To deal with all this we have Hough Transform.
What is Hough Transform?
Hough Transform is a feature extraction technique to find imperfect instances of object withing a certain class of shapes, i.e. lines, circles, ellipses, etc. The Hough transform was invented by Richard Duda and Peter Hart in 1972, who called it a “generalized Hough transform”.
Why Hough Transform?
You want some algorithm which gives more weight to the co-linear points and try to ignore arbitrary noise. Hough Transform works in a similar manner. It lets each pixel in the image
vote. And the properties of the transform figures out prominent features in the image.
How does Hough Transform work?
A line is a set of points and a set is difficult to handle than a single point. The Standard Hough Transform maps each of edge pixels to many points in Hough (or parameter) space representing all possible lines that could pass through that point.
What is Hough Space?
Each line can be represented by two parameters.
- Slope of the line (m).
- Y-intercept of the line(c).
So to manage every point lying on a particular line, you just need two parameter. m and c. So the parameter space m-c was used. This parameter space is your Hough Space.
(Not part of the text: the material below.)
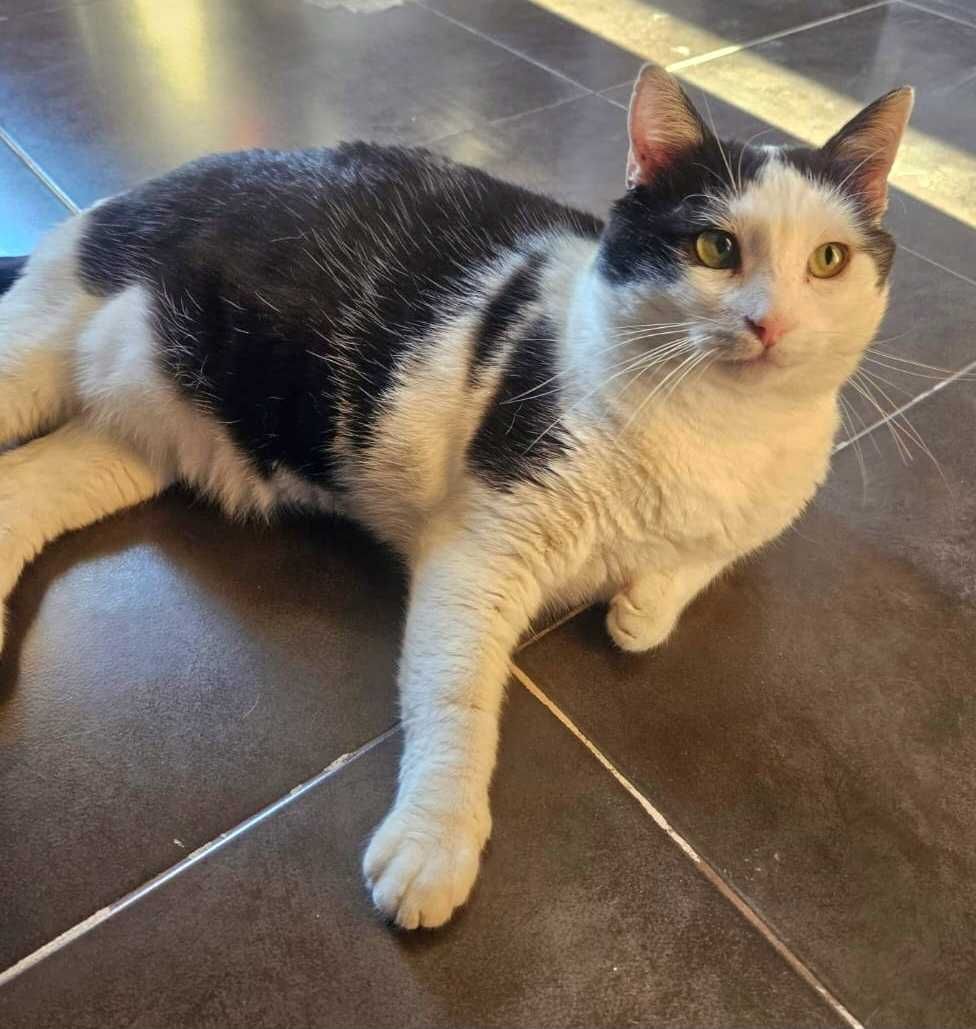 Adoptie motan castrat Hellas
Representation of a point in Hough Space
Consider a point which lies on an edge in the image. Let that point be ( x1 , y1 ) in xy plane. This point would represent something in mc plane. Infinite lines can pass through a point. So for every line passing throug that point, there would be a unique set of slope and intercept represnting the line in mc plane.
y1 = mx1 + c
c = -x1m + y1
So, a point in xy plane is equivalent to a line in mc space.
What do lines in Hough Space signify?
You have a edge detected image and for every white pixel you draw a line in mc plane. Now, some lines will intersect. These intersection points are the parameters of line which passes through those points. Each point represents as various lines in the mc space.
Now, if we observe each intersection point, then we can easily see that intersection point of line 1 and line 2 represents the slope and intercept of the line passing through point 1 and point 2. Similary, intersection point of line 3 and line 4 represents the slope and the intercept of the line passing through point 3 and point 4. The interesction point of line 1, line 2 and line 3 represents the slope and the intercept of the line passing through point 1, point 2 and point 3.
So we can see that the point which is the common interception of more number of lines will represent the slope and intercept of the line passing through more number of points. And similary, if a point has only one passing through line in mc space will represent a line which passes through only one edge point.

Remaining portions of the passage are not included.